Author: Laura Buzo
Publication Date: 8/1/10
Publisher: Allen & Unwin
Blurb (GR): A wonderful, coming-of-age love story from a fresh new voice in YA ﬁction.
'Miss Amelia Hayes, welcome to The Land of Dreams. I am the staff trainer. I will call you grasshopper and you will call me sensei and I will give you the good oil. Right? And just so you know, I'm open to all kinds of bribery.'
From the moment 15-year-old Amelia begins work on the checkout at Woolworths she is sunk, gone, lost...head-over-heels in love with Chris. Chris is the funny, charming, man-about-Woolies, but he's 21, and the 6-year difference in their ages may as well be 100. Chris and Amelia talk about everything from Second Wave Feminism to Great Expectations and Alien but will he ever look at her in the way she wants him to? And if he does, will it be everything she hopes?
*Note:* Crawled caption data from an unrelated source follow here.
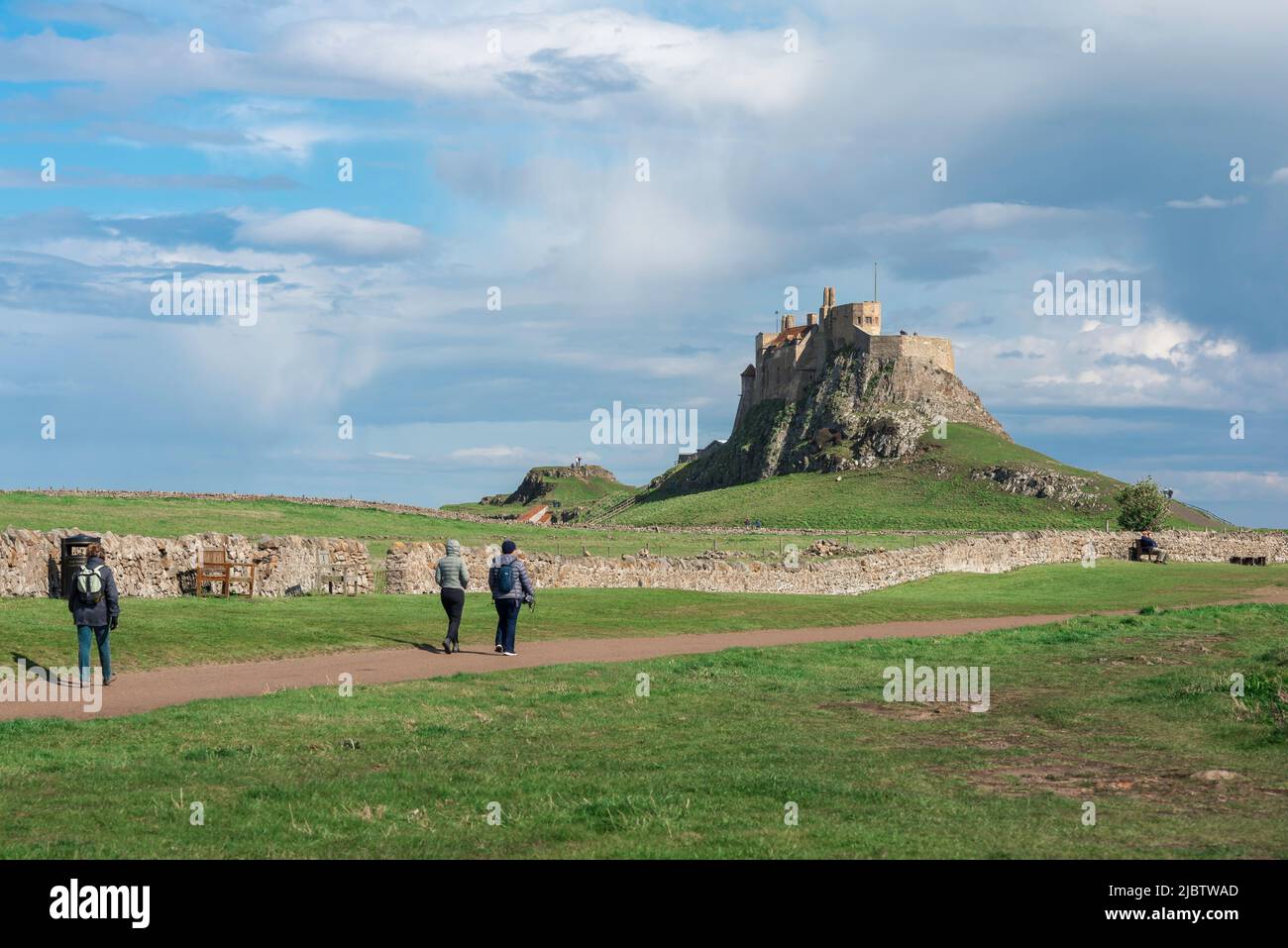 Île Sainte Lindisfarne, vue en été des personnes marchant vers le château du 16th siècle situé sur l'île Sainte (Lindisfarne), Angleterre, Royaume-Uni Banque D'Images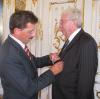 Vom damaligen Staatssekretär Georg Schmid bekommt Klaus Laske das Bundesverdienstkreuz für seine ehrenamtlichen Tätigkeiten.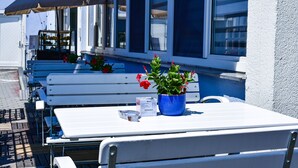 Outdoor seating with tables and benches, a potted plant, and a sign above a window. - Hotel Blauer Karpfen (Oberschleissheim)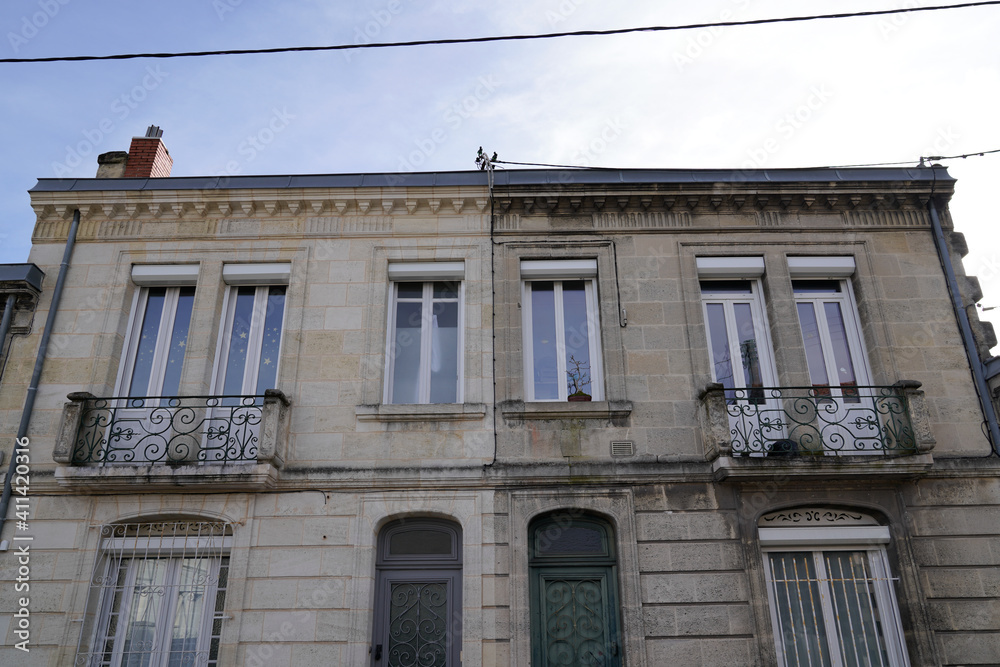 Fototapeta premium Difference between ancient wash cleaned old house building facades and a dirty one before and after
This book spoke to me like only very few do. It fit me like a perfect glove.
From the opening scenes when 15-year old Amelia is totally in love with and obsesses over her too-old-for-her co-worker Chris (oh, those simultaneously horrifying and sweet K-Mart check-out flashbacks of Justin, cold sweat, mumbling and crimson cheeks); to the humor, in equal parts witty, deprecating and pain-filled (Chris buys a sixpack of beer on the way to Rino’s. James Squire something-or-other. ‘Special treat,’ he says, parting with a twenty-dollar note. ‘You like beer don’t you?’ I hate beer. Hate it. ‘Yeah!’ Oh, well. Love is pain. Or is it beauty is pain? I wouldn’t know about the latter, but the former makes my sternum ache); to the characters - Amelia, naive, idealistic and smart, and Chris - love-torn, scared of his future and indecisive; to the not-friendship-not-love relationship between Amelia and Chris that is refreshingly unique; to the conversations about families, feminism, books, love and life; to, of course, the ending which is a heart-aching perfection in my eyes. I loved it all.
I doubt Good Oil would be everyone's perfect fit, simply because so much of my affection for this book came from the connection to the characters and their peculiar troubles. But it worked wonders for me.